**INFORMATION SHOWN:**
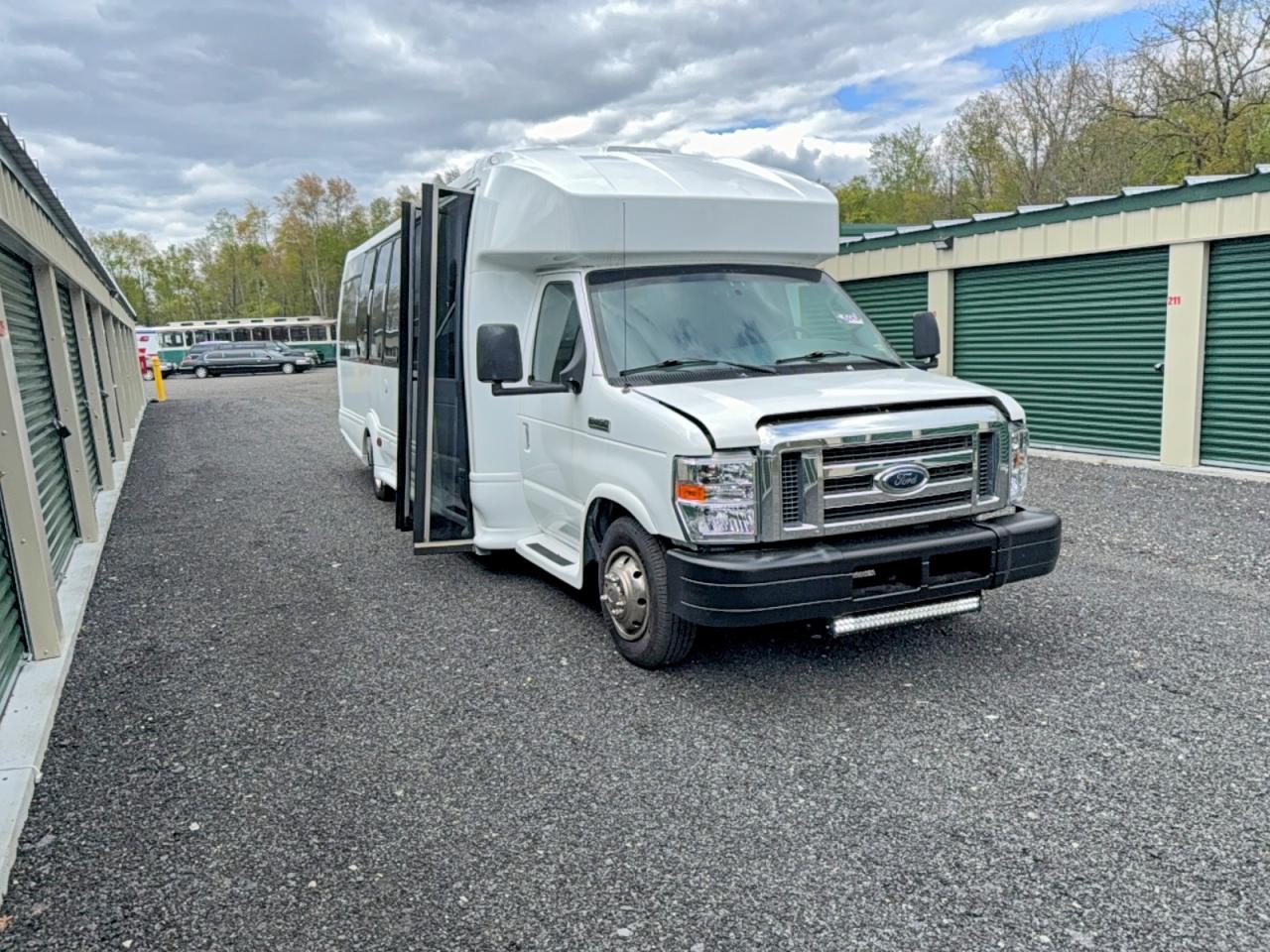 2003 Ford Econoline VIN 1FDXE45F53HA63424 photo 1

* * *

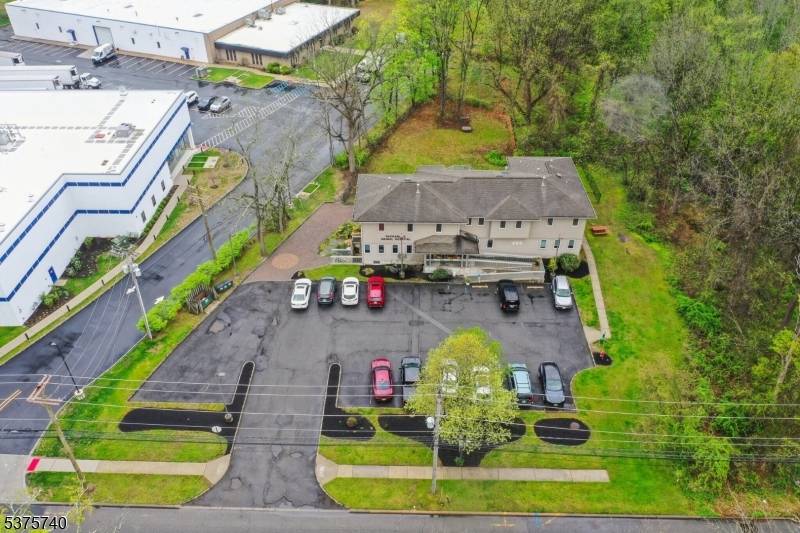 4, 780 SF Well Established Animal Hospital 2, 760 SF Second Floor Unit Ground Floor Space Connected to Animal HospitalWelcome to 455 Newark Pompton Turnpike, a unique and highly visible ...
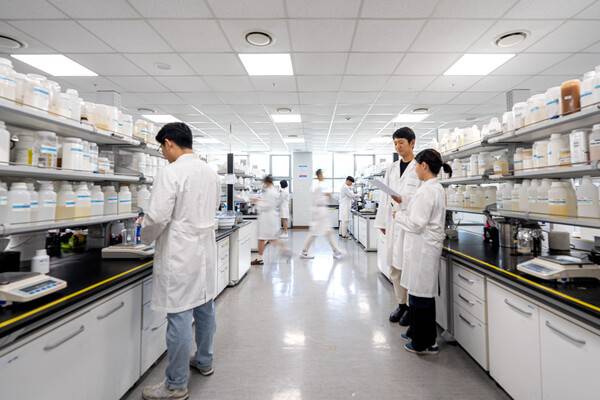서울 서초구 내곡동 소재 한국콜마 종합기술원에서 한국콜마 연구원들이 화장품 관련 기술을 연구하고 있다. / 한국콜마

**WHAT NEEDS TO BE DONE:** Pictures excluded, give again exactly and only the lines of the material above from the line with "4, 780 SF Well" through the line with "서울 서초구 내곡동 소재".

**OUTPUT OF THE TASK:**
 4, 780 SF Well Established Animal Hospital 2, 760 SF Second Floor Unit Ground Floor Space Connected to Animal HospitalWelcome to 455 Newark Pompton Turnpike, a unique and highly visible ...
서울 서초구 내곡동 소재 한국콜마 종합기술원에서 한국콜마 연구원들이 화장품 관련 기술을 연구하고 있다. / 한국콜마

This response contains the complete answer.